At 67, Seth returned to Indianapolis to try his first court case in 10 years.  He teamed up with William B. Patrick in behalf of the plaintiff in a personal injury suit.  Seth had worked on cases with Bill’s father, Fae Patrick, a labor lawyer in Indianapolis, and I imagine watched Bill grow up.  The Patrick family has been on Wawasee since 1936.  I first got to know Bill, another Shortridge graduate (and Yale too) when he was a young man enjoying the lake to its fullest!!  Bill and the family would visit Seth & Betsy frequently when they were taking a boat ride.

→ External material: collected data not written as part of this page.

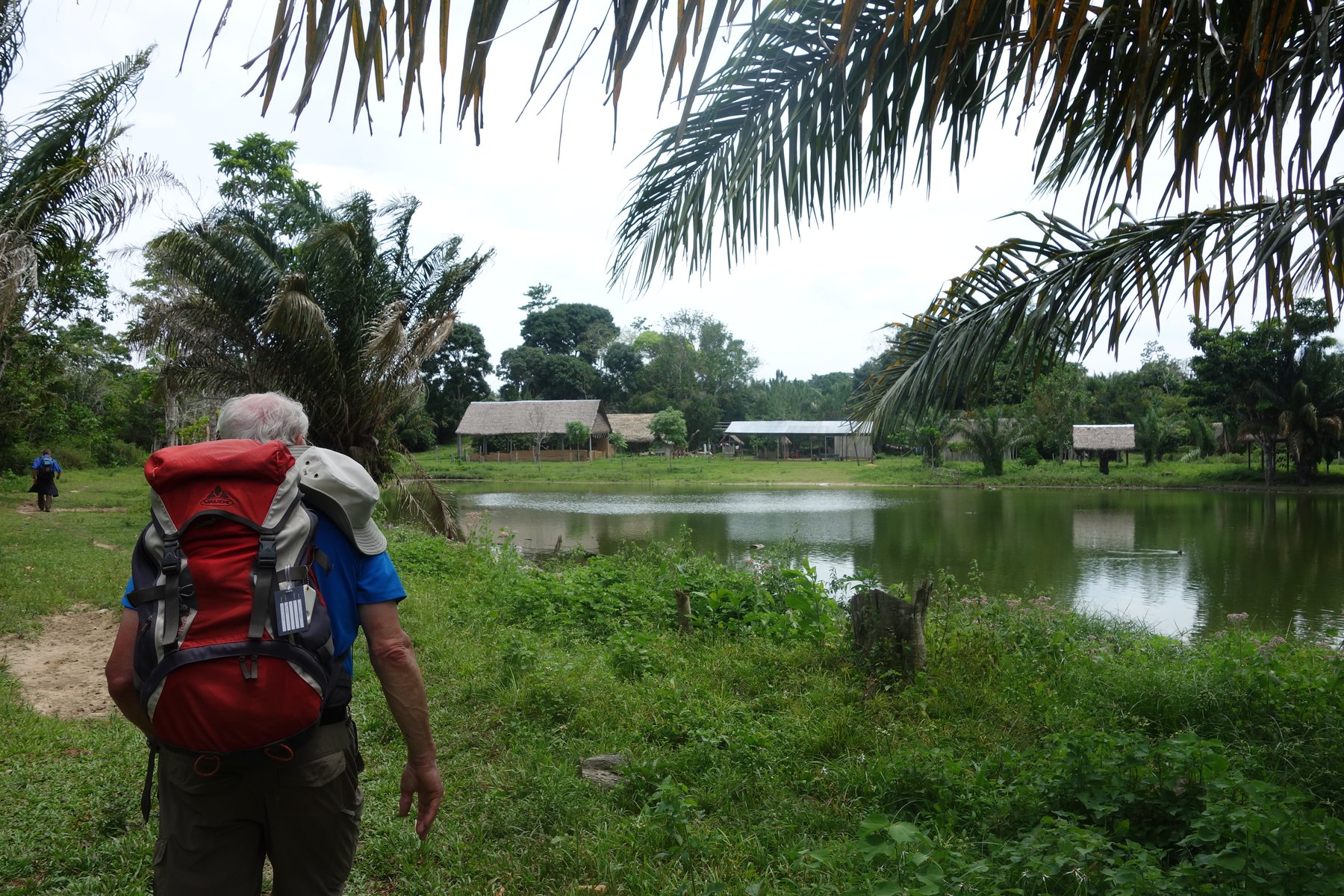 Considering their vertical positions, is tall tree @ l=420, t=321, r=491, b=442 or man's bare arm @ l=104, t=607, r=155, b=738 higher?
tall tree @ l=420, t=321, r=491, b=442

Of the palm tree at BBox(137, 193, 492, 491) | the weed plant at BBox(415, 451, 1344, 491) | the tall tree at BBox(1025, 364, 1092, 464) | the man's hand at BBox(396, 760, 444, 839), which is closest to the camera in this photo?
the man's hand at BBox(396, 760, 444, 839)

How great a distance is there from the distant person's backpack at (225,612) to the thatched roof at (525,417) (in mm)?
45113

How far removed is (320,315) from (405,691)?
1055cm

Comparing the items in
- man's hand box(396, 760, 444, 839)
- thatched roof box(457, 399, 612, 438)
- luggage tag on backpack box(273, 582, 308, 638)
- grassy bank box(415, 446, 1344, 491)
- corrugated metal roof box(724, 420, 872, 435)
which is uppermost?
thatched roof box(457, 399, 612, 438)

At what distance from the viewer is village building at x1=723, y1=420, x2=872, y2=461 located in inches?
2096

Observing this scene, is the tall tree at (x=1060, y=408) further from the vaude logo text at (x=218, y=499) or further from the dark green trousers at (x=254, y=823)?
the vaude logo text at (x=218, y=499)

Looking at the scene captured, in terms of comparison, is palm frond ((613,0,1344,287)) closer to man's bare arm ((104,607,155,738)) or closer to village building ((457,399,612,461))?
man's bare arm ((104,607,155,738))

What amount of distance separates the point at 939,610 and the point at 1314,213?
4.18 metres

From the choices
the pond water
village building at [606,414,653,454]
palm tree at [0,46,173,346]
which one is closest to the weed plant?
the pond water

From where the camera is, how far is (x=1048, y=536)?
57.8 ft

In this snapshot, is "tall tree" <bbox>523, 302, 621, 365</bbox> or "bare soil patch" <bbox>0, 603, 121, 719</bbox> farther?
"tall tree" <bbox>523, 302, 621, 365</bbox>

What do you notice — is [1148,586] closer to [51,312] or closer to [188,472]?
[188,472]

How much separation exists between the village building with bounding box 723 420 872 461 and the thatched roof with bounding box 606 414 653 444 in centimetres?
495

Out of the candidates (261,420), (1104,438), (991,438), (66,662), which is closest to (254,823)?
(261,420) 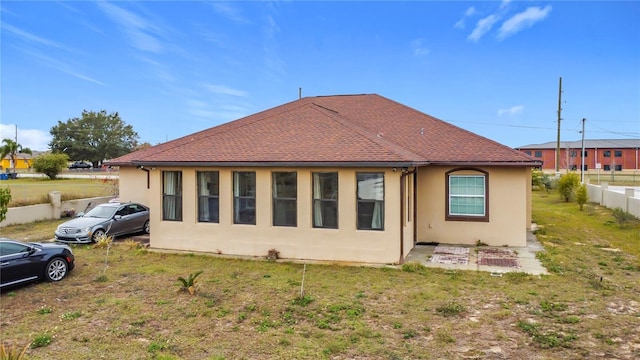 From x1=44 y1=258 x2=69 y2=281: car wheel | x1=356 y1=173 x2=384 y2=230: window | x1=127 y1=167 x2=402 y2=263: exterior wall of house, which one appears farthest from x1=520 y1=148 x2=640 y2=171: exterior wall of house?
x1=44 y1=258 x2=69 y2=281: car wheel

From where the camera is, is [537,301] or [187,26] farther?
[187,26]

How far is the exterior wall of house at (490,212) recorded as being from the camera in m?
12.5

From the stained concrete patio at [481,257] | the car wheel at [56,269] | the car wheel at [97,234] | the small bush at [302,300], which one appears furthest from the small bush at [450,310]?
the car wheel at [97,234]

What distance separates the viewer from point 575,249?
12148mm

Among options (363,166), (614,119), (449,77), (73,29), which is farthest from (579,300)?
(614,119)

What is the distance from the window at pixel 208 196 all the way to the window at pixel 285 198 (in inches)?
72.6

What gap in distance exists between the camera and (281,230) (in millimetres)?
11266

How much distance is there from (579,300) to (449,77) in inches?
896

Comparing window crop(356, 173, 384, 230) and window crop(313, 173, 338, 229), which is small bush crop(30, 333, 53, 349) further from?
window crop(356, 173, 384, 230)

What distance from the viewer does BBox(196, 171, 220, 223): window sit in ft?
39.2

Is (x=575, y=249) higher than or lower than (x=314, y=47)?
lower

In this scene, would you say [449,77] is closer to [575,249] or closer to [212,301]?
[575,249]

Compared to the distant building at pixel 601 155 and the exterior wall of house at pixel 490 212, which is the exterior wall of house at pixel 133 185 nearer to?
the exterior wall of house at pixel 490 212

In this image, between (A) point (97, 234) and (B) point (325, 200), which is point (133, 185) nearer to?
(A) point (97, 234) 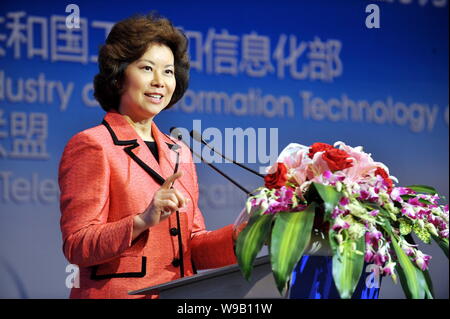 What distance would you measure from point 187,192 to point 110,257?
0.40 m

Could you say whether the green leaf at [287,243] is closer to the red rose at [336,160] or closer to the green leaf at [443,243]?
the red rose at [336,160]

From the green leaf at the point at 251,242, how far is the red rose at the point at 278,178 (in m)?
0.09

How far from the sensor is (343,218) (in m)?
1.25

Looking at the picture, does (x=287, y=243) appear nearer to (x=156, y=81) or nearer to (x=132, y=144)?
(x=132, y=144)

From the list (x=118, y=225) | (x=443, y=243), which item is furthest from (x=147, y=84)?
(x=443, y=243)

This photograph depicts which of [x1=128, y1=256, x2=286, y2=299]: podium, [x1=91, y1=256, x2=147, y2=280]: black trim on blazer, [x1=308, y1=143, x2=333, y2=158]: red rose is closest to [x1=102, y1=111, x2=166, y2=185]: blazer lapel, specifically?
[x1=91, y1=256, x2=147, y2=280]: black trim on blazer

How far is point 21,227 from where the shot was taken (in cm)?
345

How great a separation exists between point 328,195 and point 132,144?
0.83m

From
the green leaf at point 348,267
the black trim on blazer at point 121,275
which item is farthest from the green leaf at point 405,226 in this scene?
the black trim on blazer at point 121,275

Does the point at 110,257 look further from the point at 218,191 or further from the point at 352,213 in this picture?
the point at 218,191

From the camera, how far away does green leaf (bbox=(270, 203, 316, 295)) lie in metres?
1.20

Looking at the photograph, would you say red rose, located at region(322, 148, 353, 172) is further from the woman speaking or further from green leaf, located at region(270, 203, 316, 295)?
the woman speaking

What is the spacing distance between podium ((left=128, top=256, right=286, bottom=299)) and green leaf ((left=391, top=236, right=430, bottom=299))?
10.5 inches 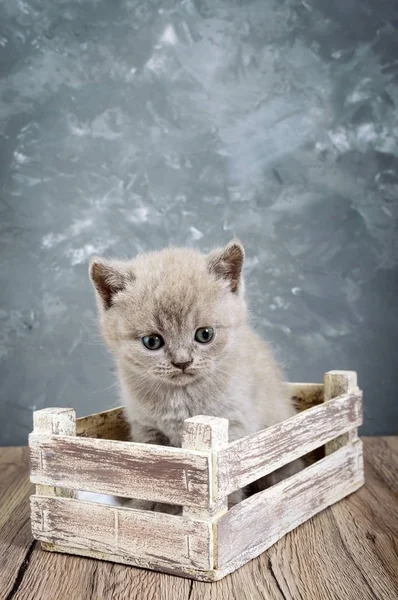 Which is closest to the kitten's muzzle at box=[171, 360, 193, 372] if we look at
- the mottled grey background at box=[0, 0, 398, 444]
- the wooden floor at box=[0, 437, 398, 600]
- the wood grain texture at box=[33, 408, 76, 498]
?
the wood grain texture at box=[33, 408, 76, 498]

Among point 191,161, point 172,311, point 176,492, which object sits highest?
point 191,161

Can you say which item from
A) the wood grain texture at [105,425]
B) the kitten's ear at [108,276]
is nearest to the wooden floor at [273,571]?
the wood grain texture at [105,425]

His beloved Betsy died in Jan., 1967 and is buried in the Syracuse Cemetery.  Seth had wanted to bury Betsy in her family’s plot at Crown Hill in Indianapolis, but after some time found that wouldn’t work out.  Seth lived another seven and a half years at his Wawasee home, dying in July, 1974.  Notice what is engraved on his marker in the Syracuse Cemetery: “To the glory of the grand architect of the universe. Duty. Honor. Country. Seth Seaton Ward. West Pointer.”  Symbols on the monument are: a Sigma Chi shield and Masonic symbol.

After Seth Ward’s Death

Sometime after the Ward’s death, a realtor purchased the property, tore down the structures, and divided it into two lots (#11A & 11B), building a spec house which the buyer finished to his liking and a family built a house on the second lot.  A devastating fire in late March of 1998 destroyed both homes and an adjacent home.  M-J 6, 2000 reported: “This devastating fire prompted hydrants in the waters of Lake Wawasee.  15 hydrants will be completed by August.”

Pre 1998

2022

Conclusion:

It’s been my pleasure to sort out the life of Legendary Seth Seaton Ward – Grand Old Man of Lake Wawasee during the 1950s through the ‘70s using information contributed by Seth himself in 1932 and 1942 on questionnaires.  His life was a blend of humor, sorrow and controversy.  When it came right down to it, Seth was a sensible man.  He believed in God, was soft-hearted, tender, protected Betsy, loved to have visitors, didn’t hold anything back; he was ornery, BUT he could be a perfect gentleman when it was appropriate.  Everyone had a favorite Seth Ward story.  It was an education to talk to him or for that matter listen to him from across the store.  “No matter how dull your day might start out to be, meeting Seth and talking for a few minutes could make you forget your troubles.”